4. Relatório de Actividade do Laboratório Durante o Ano de 1992
J. M. Santos Oliveira (6 páginas)
5. Relatório de Actividades do Serviço de Fomento Mineiro de 1992
Luís Rodrigues da Costa (10 páginas)
6. Resultados da Aplicação do Método Mineralométrico com Base na Amostragem de Solos Superficiais em rede Detalhada à Descoberta de Jazidas Primárias de Cassiterite, Volframite (Scheelite) e Ouro na Região de Góis
Acúrcio Neto Parra (14 páginas)

resumo: O autor apresenta, de uma forma experimental, os resultados da aplicação do método mineralométrico, com base na amostragem de solos superficiais de interflúvios em rede detalhada, à descoberta de jazidas primárias de cassiterite, volframite (scheelite) e ouro. Os ensaios realizados, com colheita de amostras nos nós de rede de 50 x 50 metros, permitiram delimitar de forma apertada os blocos de terrenos onde afloram as jazidas estano-lungstífera de Vale Pião e auro-argentífera do Vieiro.Em consequência, considera-se que esta modalidade de prospecção mineralométrica pode ter uma aplicação prática e proveitosa em programas de prospecção de áreas cujo enquadramento geológico seja similar da região mineira de Góis.
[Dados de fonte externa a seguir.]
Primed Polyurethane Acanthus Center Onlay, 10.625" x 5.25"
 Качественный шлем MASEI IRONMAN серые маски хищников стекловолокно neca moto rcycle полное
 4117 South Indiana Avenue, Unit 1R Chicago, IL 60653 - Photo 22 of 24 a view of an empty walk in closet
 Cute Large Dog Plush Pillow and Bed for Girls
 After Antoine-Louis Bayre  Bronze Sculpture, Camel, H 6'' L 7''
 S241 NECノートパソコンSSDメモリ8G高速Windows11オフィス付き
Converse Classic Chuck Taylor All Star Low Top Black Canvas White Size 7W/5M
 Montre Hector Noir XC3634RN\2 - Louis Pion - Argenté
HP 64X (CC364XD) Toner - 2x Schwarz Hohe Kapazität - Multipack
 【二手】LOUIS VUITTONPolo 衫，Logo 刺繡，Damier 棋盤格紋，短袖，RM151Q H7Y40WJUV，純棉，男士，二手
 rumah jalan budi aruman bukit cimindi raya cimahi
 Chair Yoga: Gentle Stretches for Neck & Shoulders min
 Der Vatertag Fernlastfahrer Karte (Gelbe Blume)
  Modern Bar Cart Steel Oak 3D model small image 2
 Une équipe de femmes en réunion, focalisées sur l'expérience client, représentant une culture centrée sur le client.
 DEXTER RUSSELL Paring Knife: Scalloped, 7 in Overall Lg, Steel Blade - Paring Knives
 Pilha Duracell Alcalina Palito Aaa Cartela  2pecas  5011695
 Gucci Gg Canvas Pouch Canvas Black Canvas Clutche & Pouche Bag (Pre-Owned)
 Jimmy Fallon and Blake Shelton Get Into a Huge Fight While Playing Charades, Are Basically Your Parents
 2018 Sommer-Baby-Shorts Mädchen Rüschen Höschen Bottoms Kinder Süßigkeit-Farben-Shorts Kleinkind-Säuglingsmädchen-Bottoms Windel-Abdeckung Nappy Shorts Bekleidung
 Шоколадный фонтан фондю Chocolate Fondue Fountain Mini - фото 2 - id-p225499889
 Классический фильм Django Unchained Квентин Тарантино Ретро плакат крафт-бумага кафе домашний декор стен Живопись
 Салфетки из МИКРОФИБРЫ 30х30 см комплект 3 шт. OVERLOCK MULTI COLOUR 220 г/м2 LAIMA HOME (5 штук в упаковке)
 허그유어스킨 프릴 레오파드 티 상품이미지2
7. Rock Geochemistry Applied to Au-Ag and Sn-W Exploration in the Granitic Terrains of the Vila Pouca de Aguiar, Vila Real Region (Northern Portugal)
J. M. Santos Oliveira (18 páginas)

resumo: Na região entre Vila Pouca de Aguiar e Vila Real, no norte de Portugal, onde ocorrem com maior significado, mineralizações de Au-Ag e Sn-W associadas a rochas magmáticas ácidas, desenvolveram-se estudos de investigação litogeoquímica aplicados à prospecção mineira.Os resultados mostraram a existência de “assinaturas geoquímicas” distintas nos granitóides envolventes das mineralizações, quer à escala regional, quer local, através da definição de auréolas de dispersão para certos elementos traço e que, provavelmente, terão resultado da actuação dos fluídos hidrotermais posteriores à cristalização das rochas. Dos 25 elementos analisados, o Pb, Rb, Mn, Ba, Sr, B, Sn, F, Li, Zn e Zr, forneceram anomalias litogeoquímicas (positivas e negativas) em estreita relação espacial com a mineralização presente.

A distribuição geoquímica destes elementos traço nas rochas granitóides sugere que os dois estilos principais de mineralização presentes na região (Au-Ag e Sn-W) podem ter sido originados em estádios distintos. Os resultados obtidos concorrem para evidenciar o interesse na aplicação das metodologias de índole litogeoquímica nas estratégias de prospecção mineral.